ENFIELD, Conn. (WTNH) – Five men from northern Connecticut are facing federal drug charges after being accused of running a drug trafficking organization in Enfield and Springfield, MA. Police say they have ties to a Mexican cartel.

News 8 obtained court documents from the U.S. Attorney’s office.

The following people have been charged:

  • Sergio Horta-Molina, 46, of Suffield
  • Octavio Razon-Mejia, also known as “Pachas,” 36, of Enfield
  • Carlos Gutierrez-Fernandez, also known as “Shaggy,” 38, of Enfield
  • Juan Sanchez-Razon, also known as “Juanito,” 27, of Enfield
  • Guillermo Capetillo-Cervantes, 34, of Enfield

“The drug activity, you don’t realize it until afterward. They are normal people, you don’t know,” said Carol, a neighbor.

Carol has lived on Pleasant Street in Enfield with her granddaughter for nearly two years. They’re right down the road from the former residence of an alleged drug trafficker with ties to the Mexican cartel.

“I didn’t know they lived down the road. I saw in the paper they had this big drug cartel arrest, and I’m like, wow, this happened in Enfield and it’s scary,” Carol said.

Octavio Razon-Mejia was living on Pleasant Street up until his arrest in May. He was allegedly one of five drug traffickers in the Enfield area working for Jalisco New Generation Cartel, considered by the U.S. Department of Justice as one of the most dangerous criminal organizations in the world.

In a court affidavit, a DEA special agent stated that the leader of the Enfield drug trafficking organization, Sergio Horta-Molina, operated out of his Suffield home on East Street North, utilizing a chicken coop.

Horta-Molina had been on federal supervised release after serving 40 months in prison, having been found guilty of trafficking cocaine and heroin at the same Suffield home over five years ago.

On Russel Street is where one of the five members of the drug trafficking organizations was living. His name is Juan Sanchez-Razon. According to the DEA, their leader, Horta-Molina, had a packing of cocaine delivered to his address one week before they were arrested on May 5.
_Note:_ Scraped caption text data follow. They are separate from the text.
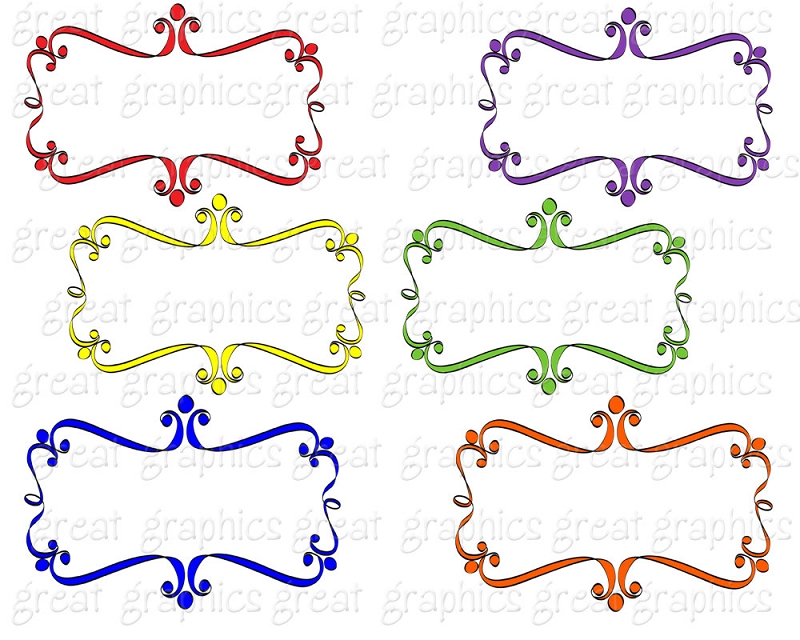 Printable Scroll Frame Clip Art Primary Colors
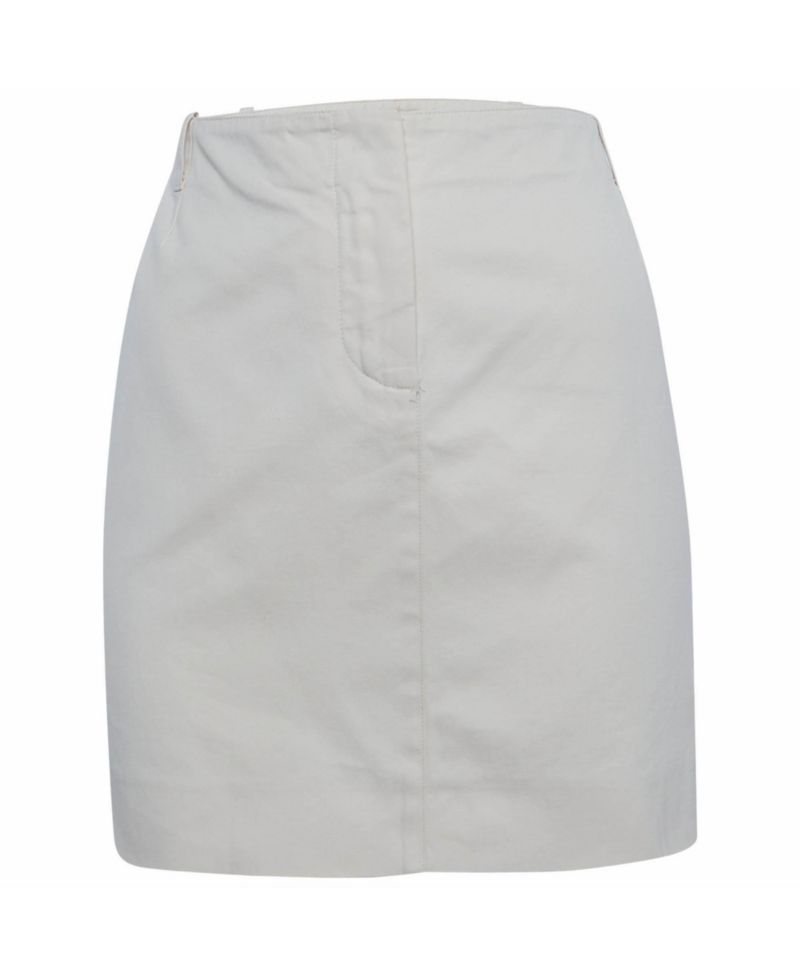 Women's Cream Twill Mini Skirt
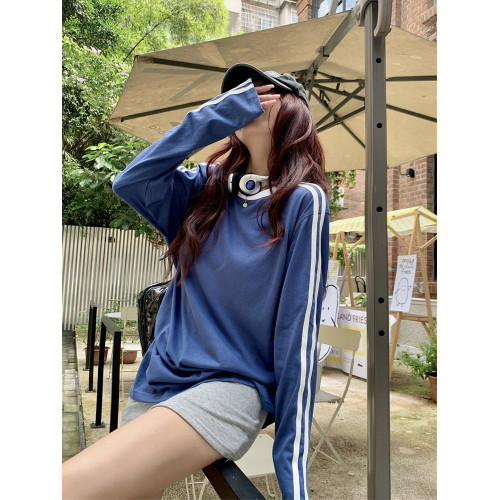 港風寬鬆百搭薄款撞色長袖防曬T恤女夏季杠條寬鬆休閒中長款上衣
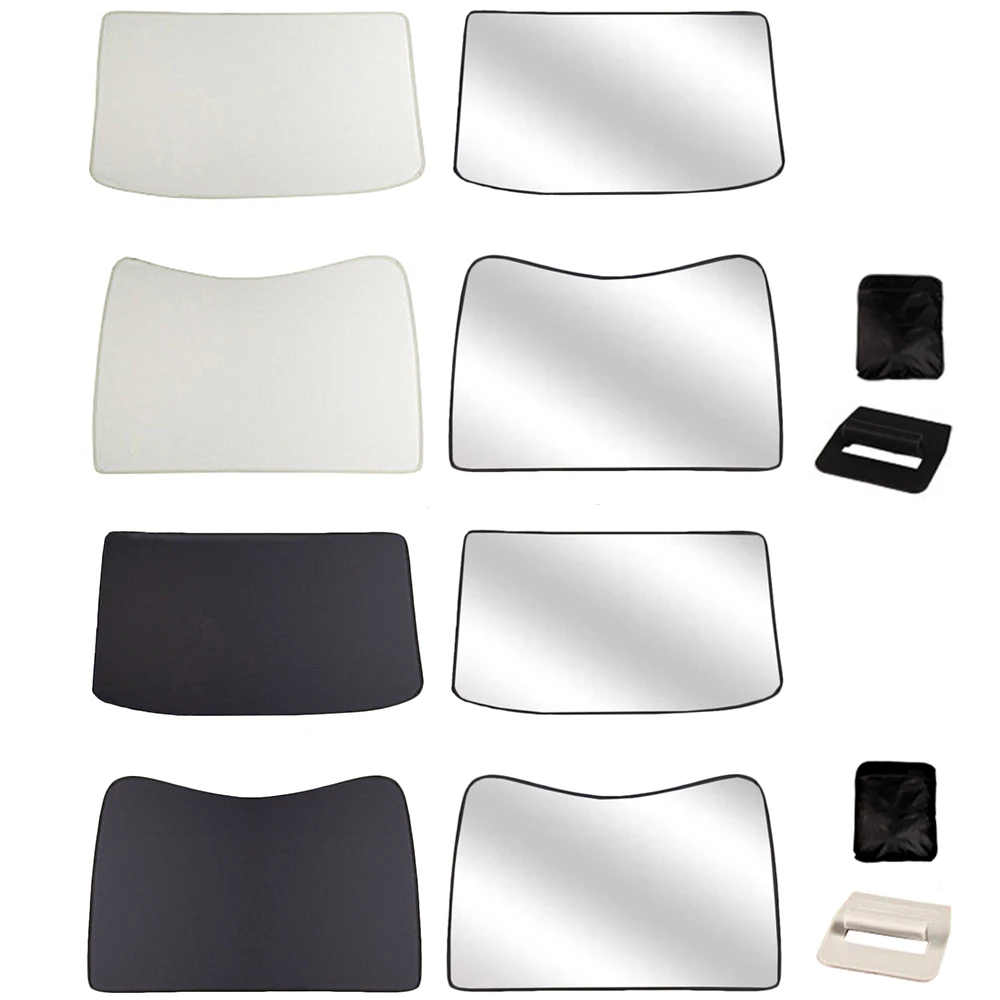 

Fit for Tesla Model 3 Fibre Mesh & Silver Coated Fiber Blackout Fabric Sunroof Shade with Thermally Fused Steel Frame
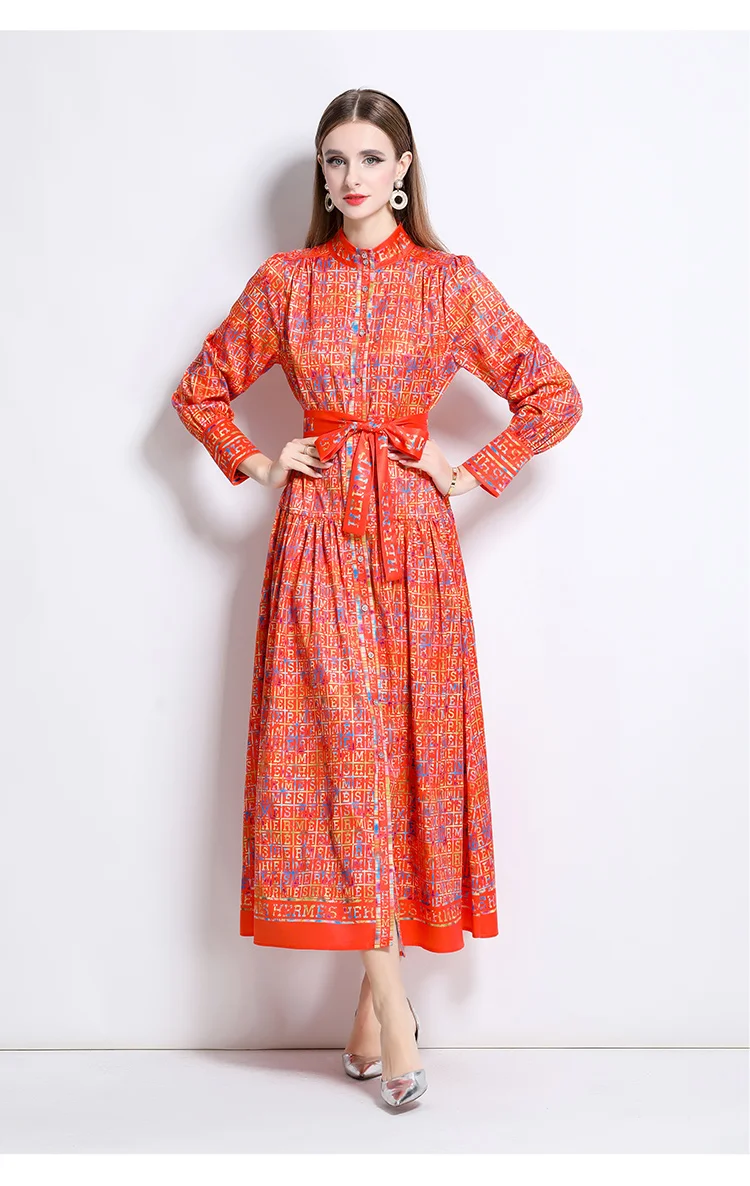 AIMEILI Women Autumn Elegant Dress Shirt Female High Quality Vintage Yellow Party Robe Femme Lantern Sleeve Designer Vestidos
After obtaining video surveillance, wiretapping, and drug interceptions, the DEA Hartford Task Force determined his residence to be the main “stash house.”

The five men are charged with conspiracy to distribute and to possess with intent to distribute controlled substances. If convicted, they would face a mandatory minimum prison sentence of at least five years, and a maximum of 40 years.